A quick note on the manufacturing stuff too: JLR, of course, has production plants at both Halewood and Solihull. The Castle Bromwich facility was, sadly, closed in May this year, but output from all three of JLR’s sites in 2023 was an impressive 238,422 cars.
There are also plans under way for new electric models, with a battery-powered Range Rover due soon, and a four-door electric Jaguar following not long after, so this is not a company that’s standing still.

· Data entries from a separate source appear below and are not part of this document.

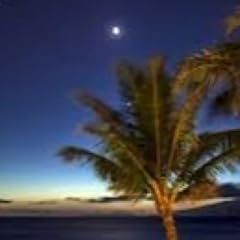 Hoku for sale  Delivered anywhere in USA 
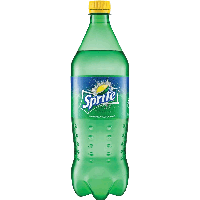 Sprite Png Bottle Image
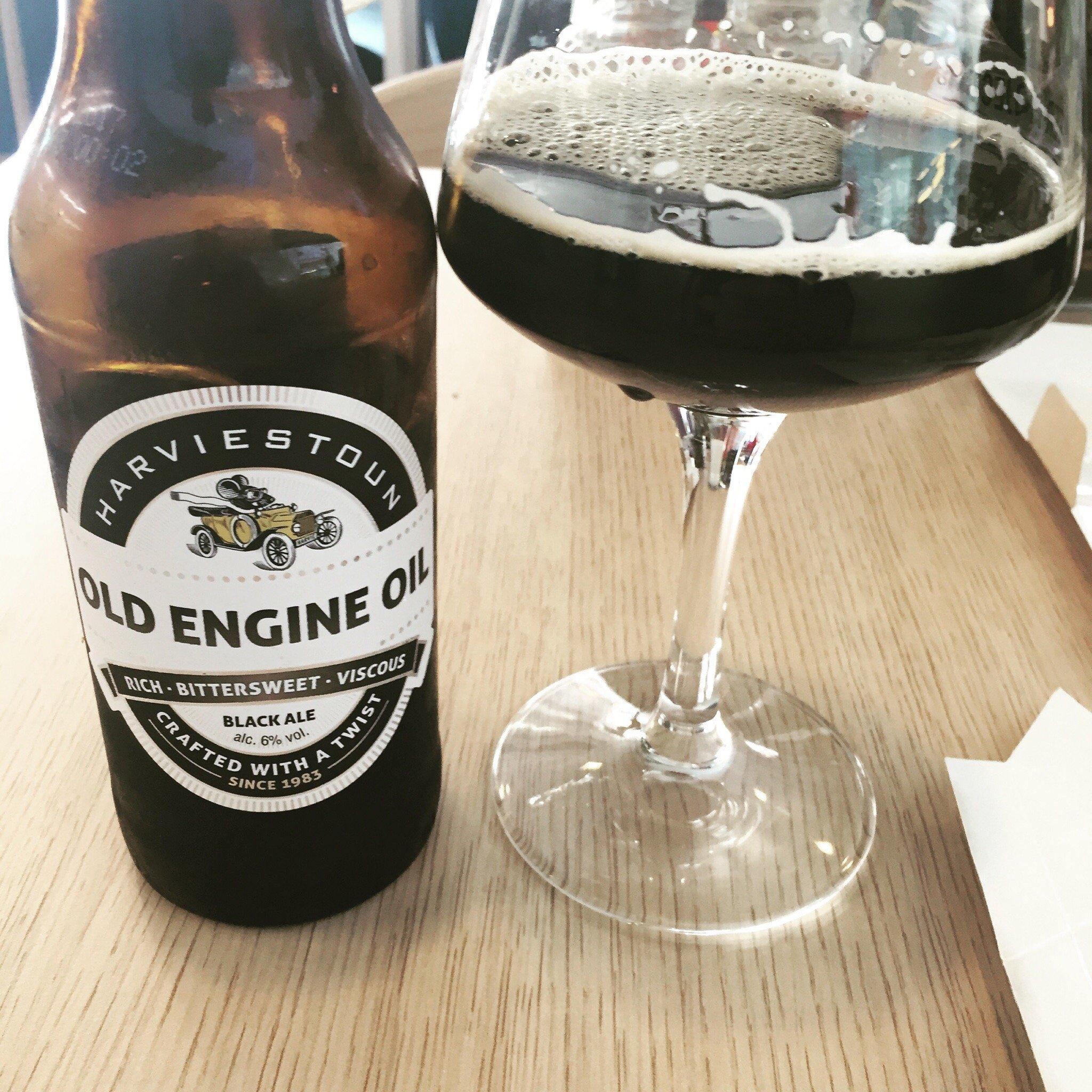 Photo by comanchemax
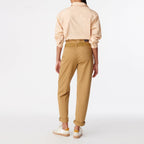 Pantalón Epagny - Mastic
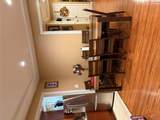 758 Brady Avenue - Photo 3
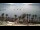 Webcam in Marmaris, 44.7 km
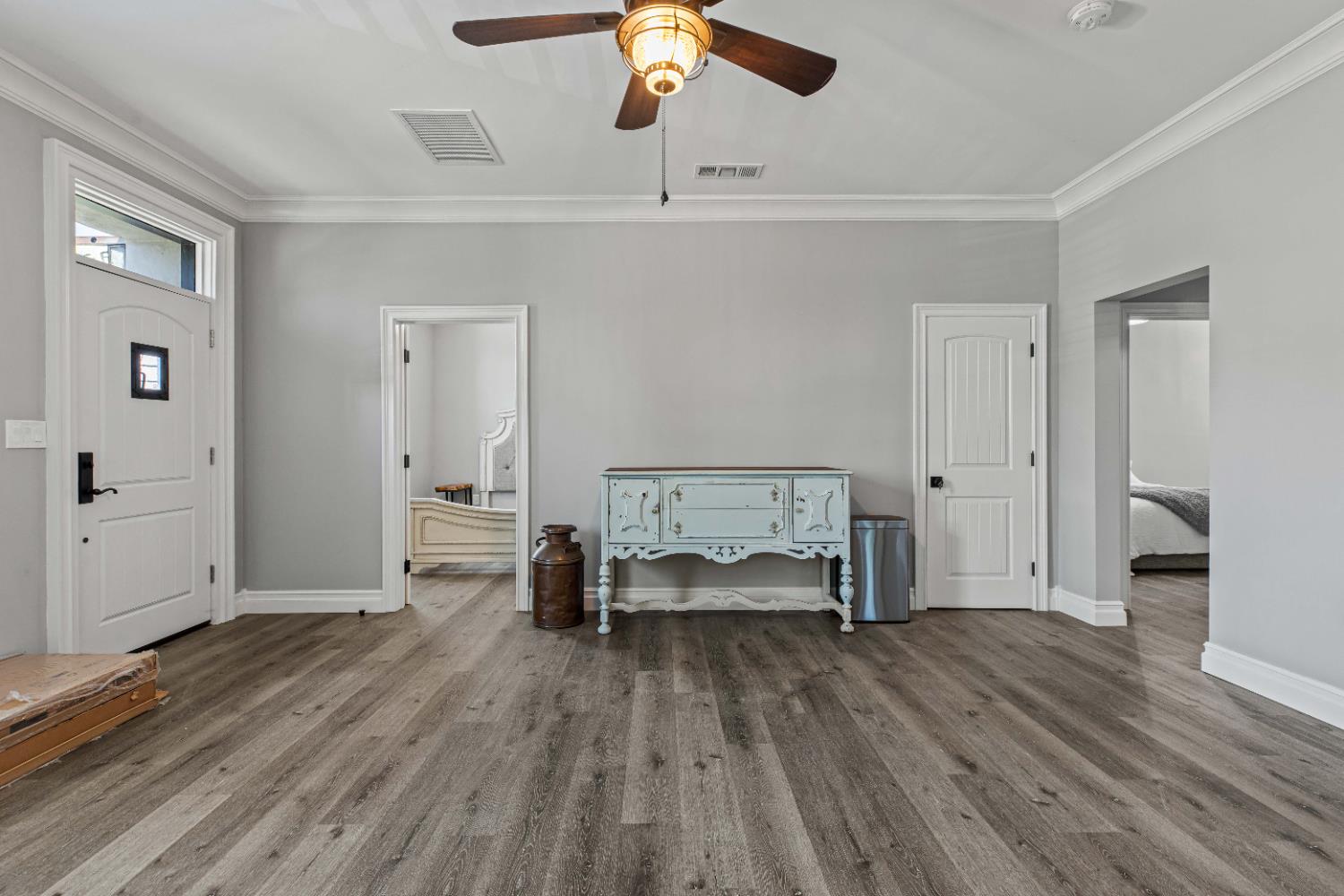 30042 30048 Yosemite Blvd, La Grange, CA 95329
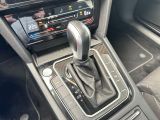 VW Passat bei Gebrauchtwagen.expert - Abbildung (14 / 15)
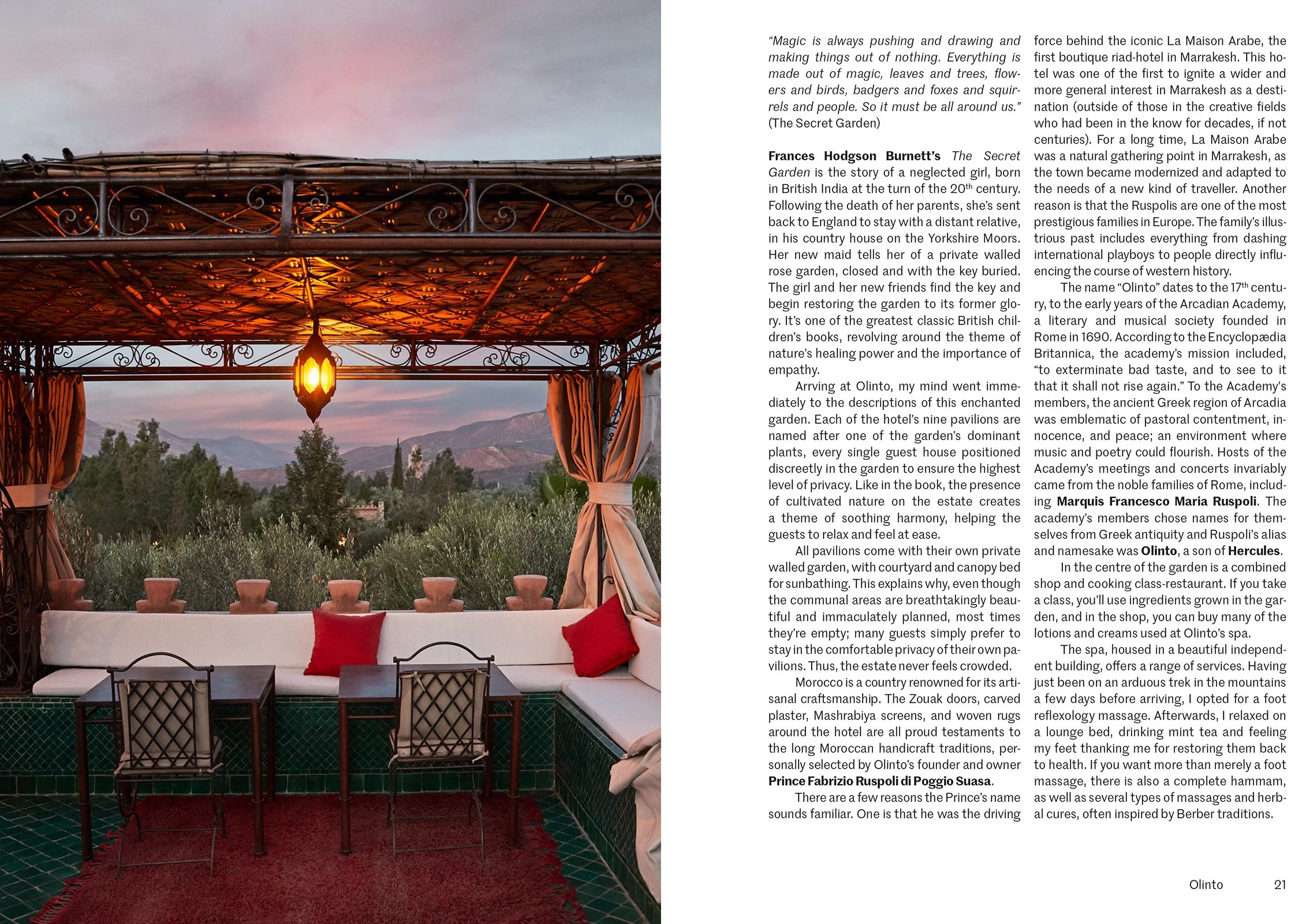 Lohi 3 Marocko-11.jpg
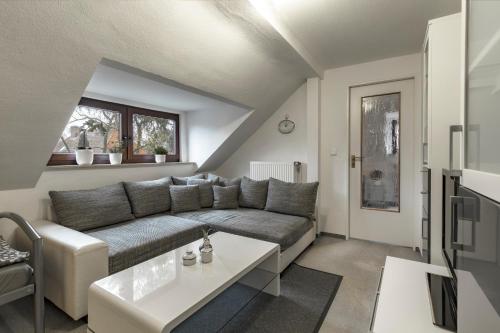 Ferienwohnung-Fuhlsbüttel-Hamburg - image 4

And it remains a brand – and an array of products – that the UK can and should be very proud of.
Nissan Qashqai
We’ve already mentioned the Qashqai, but before we talk about why this rather lovely e-Power test car proves to be such a hit, let’s put Nissan’s success and manufacturing productivity into context.
Poster child of the crossover era, the Qashqai and its equally genre-defining sibling, the Nissan Juke, are both straight out of the Sunderland plant. You thought BMW’s Cowley figures were impressive? Nissan’s Sunderland plant produced 325,218 vehicles in 2023 – nearly 88,000 more vehicles than were churned out at Cowley.
During that year, the Nissan Leaf was also in production alongside the Juke and Qashqai, but that came to an end earlier this year to allow Nissan to tool up for the start of production of its forthcoming new electric cars.
They really are a phenomenon, Nissan’s crossovers. We motoring hacks might roll our eyes at the rash of SUV-ish cars that have appeared in the wake of Nissan’s decades-long mic drop – which started when the original Qashqai arrived in 2006.
But as I sit in the rather lovely Alcantara-clad cabin and whir smoothly around courtesy of the clever e-Power drivetrain that arrived with the third-generation Qashqai in 2021, it’s not hard to see why it’s such a perennial favourite.
It’s solid, comfortable, dependable, efficient and a completely known quantity. Yet the Qashqai has never felt boring and beige, which is its real magic.